Because of the unions' concerns, the pension fund's board of trustees yesterday voted to recommend legislation that would repeal a controversial new method of calculating pension payments allowed by Act 128.
The act would speed the way the retirement system, which oversees benefits for more than 90,000 state employees, retirees and beneficiaries, processes benefits and is designed to help save money and eliminate the system's nearly two-year backlog in calculating retirees' final pensions.
But union leaders said the law's simplification of the pension payment calculation, among the most complex in the United States, and a requirement that employees retire only on the first day of each month will cause many retirees to lose hundreds of dollars each month in payments.

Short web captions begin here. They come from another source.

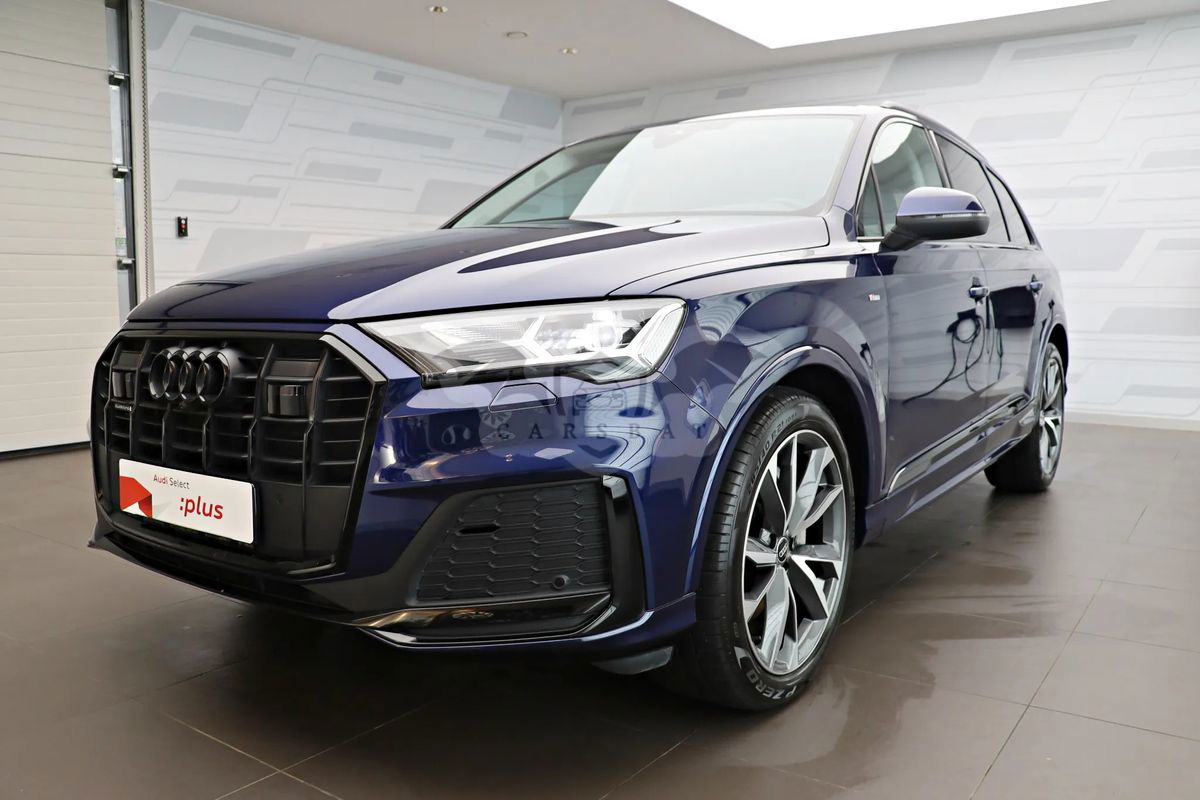Audi Q7 II 45 TDI mHEV Quattro S Line Tiptr 2022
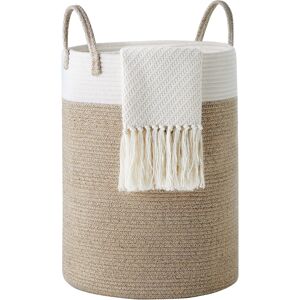 Youdenova Cotton Rope Basket Large Blanket Basket Woven Storage Basket Toy Stor Youdenova Cotton Rope Basket Large Blanket Basket Woven Storage Basket Toy Stor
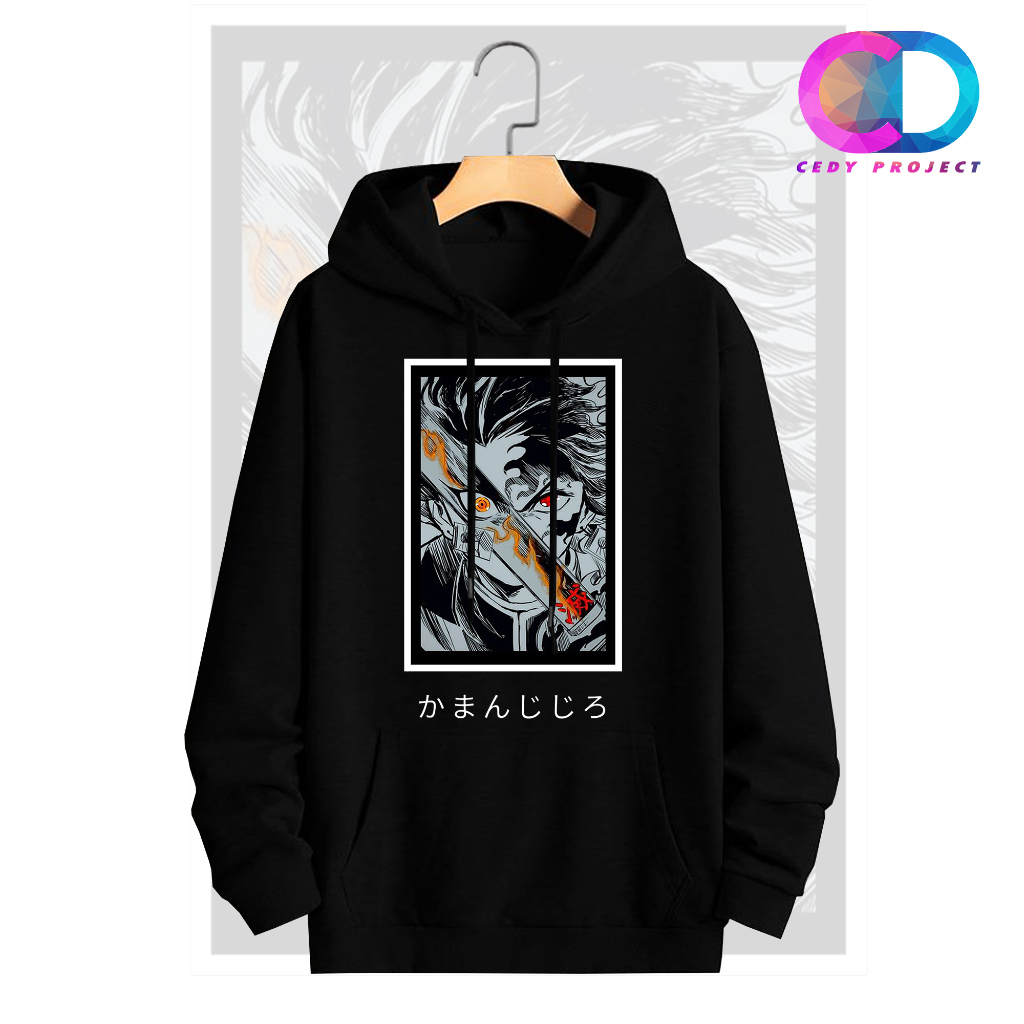 Cedy Project Hoodie Distro Suriken Japanese Sweater - Switer Pria Wanita - Outer - Premium - Ori
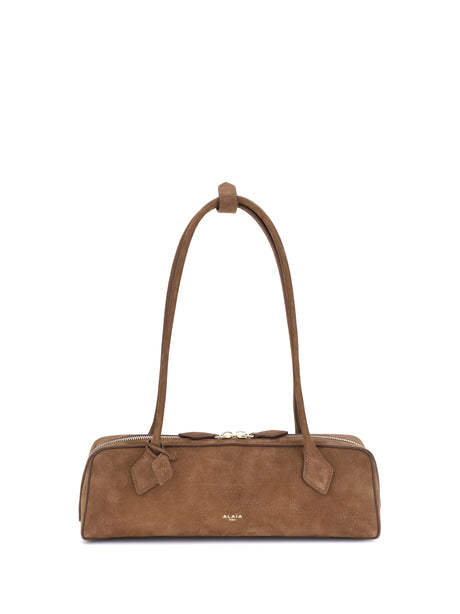 AlaïA Le Teckel Shoulder Bag - Terre D'Ombre 2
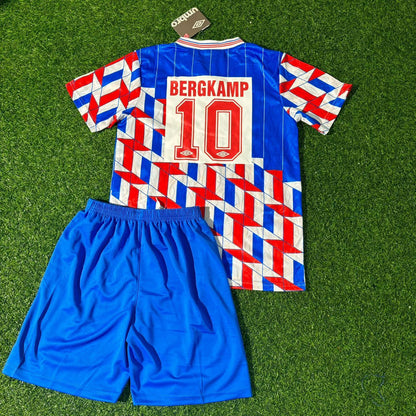 Dennis Bergkamp Ajax Retro Football Jersey Collection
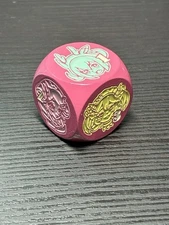 Manamoon Dice: Dragonmaid (Pink) Mana Moon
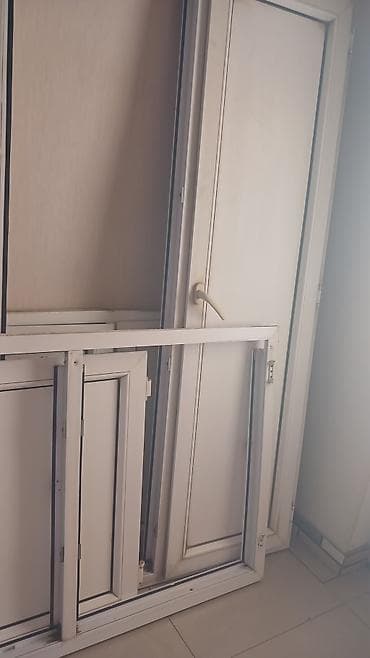 balkonlar: PVC materialdan balkon üçün şkaf/qutu kombi ucun skaf boyuk olcudur — 7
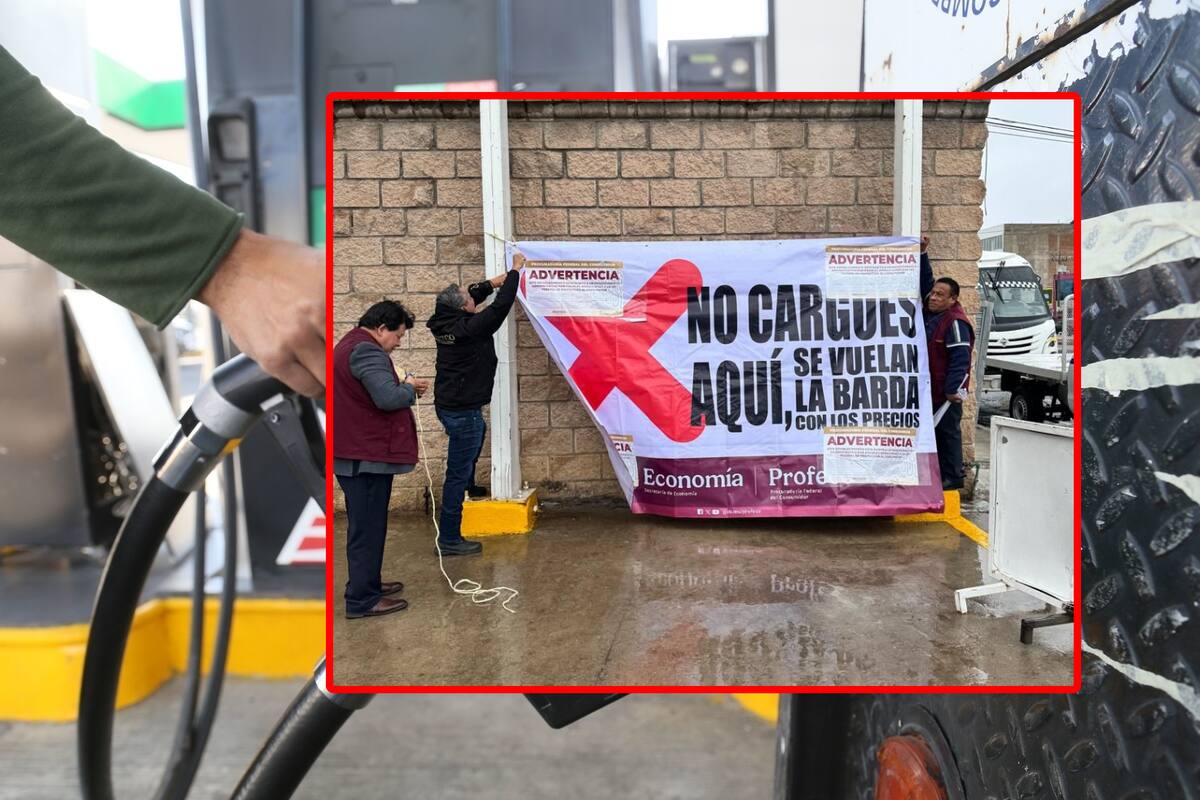 Profeco continuará exhibiendo gasolineras con precios elevados ‘no cargues aquí, se vuelan la barda con los precios’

"We understand the reasons for the law, but there are flaws in it that will hurt our members," said Tenari Ma'afala, president of the police officers' union.
Ma'afala said senior officers are retiring in unprecedented numbers from the police force in an effort to avoid having their benefits calculated in the new way. Ma'afala said the 2,000-employee Honolulu Police Department, stretched thin by a shortage of officers, has seen 91 of 180 eligible officers file for retirement this year, up from an average of about 50 per year.
ERS currently lets retirees draw a pension based on the best three 12-month periods of pay during their employment by the state or local governments. The 12-month periods don't have to be consecutive, and they don't have to start with January. This method lets employees collect a relatively high pension, but it's also complicated.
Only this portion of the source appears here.